» **Task input**:

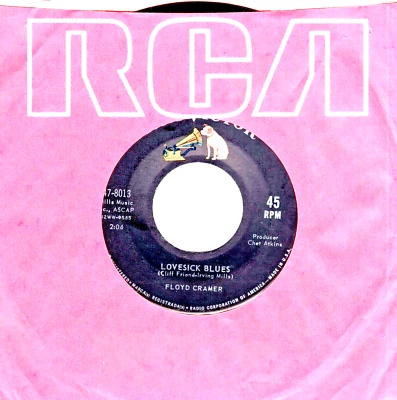 FLOYD CRAMER: THE FIRST HURT / LOVESICK BLUES .. INSTRUMENTAL .. 45 RPM -185 - Image 1 of 3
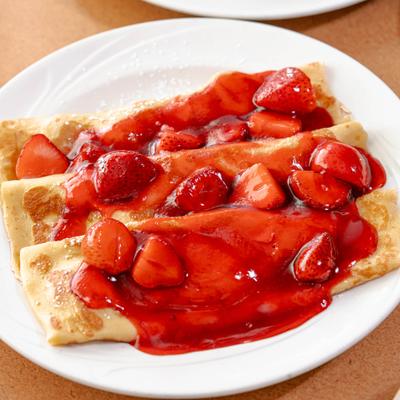 Strawberry crepes.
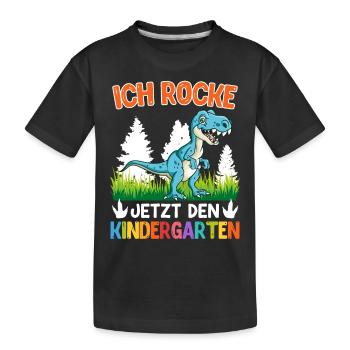 Kindergartenkind Ich rocke jetzt den Kindergarten - Kinder Premium Bio T-Shirt - Schwarz - Vorne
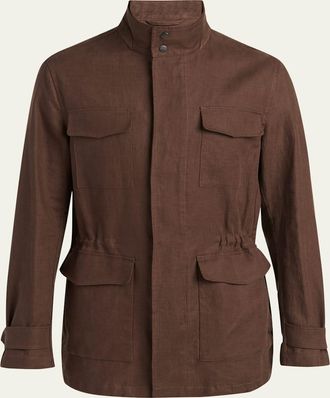 Kiton Mens Linen Flap-Pocket Field Jacket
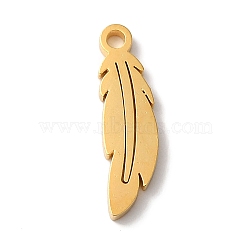 PVD Vacuum Plating 304 Stainless Steel Charms, Laser Cut, Feather Charms, Golden, 14x4x1mm, Hole: 1.2mm(STAS-L081-009G)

» **Your goal**:
The data above should be repeated in full and exactly, with no pictures carried over.

» **Answer to this task**:
 FLOYD CRAMER: THE FIRST HURT / LOVESICK BLUES .. INSTRUMENTAL .. 45 RPM -185 - Image 1 of 3
 Strawberry crepes.
 Kindergartenkind Ich rocke jetzt den Kindergarten - Kinder Premium Bio T-Shirt - Schwarz - Vorne
 Kiton Mens Linen Flap-Pocket Field Jacket
 PVD Vacuum Plating 304 Stainless Steel Charms, Laser Cut, Feather Charms, Golden, 14x4x1mm, Hole: 1.2mm(STAS-L081-009G)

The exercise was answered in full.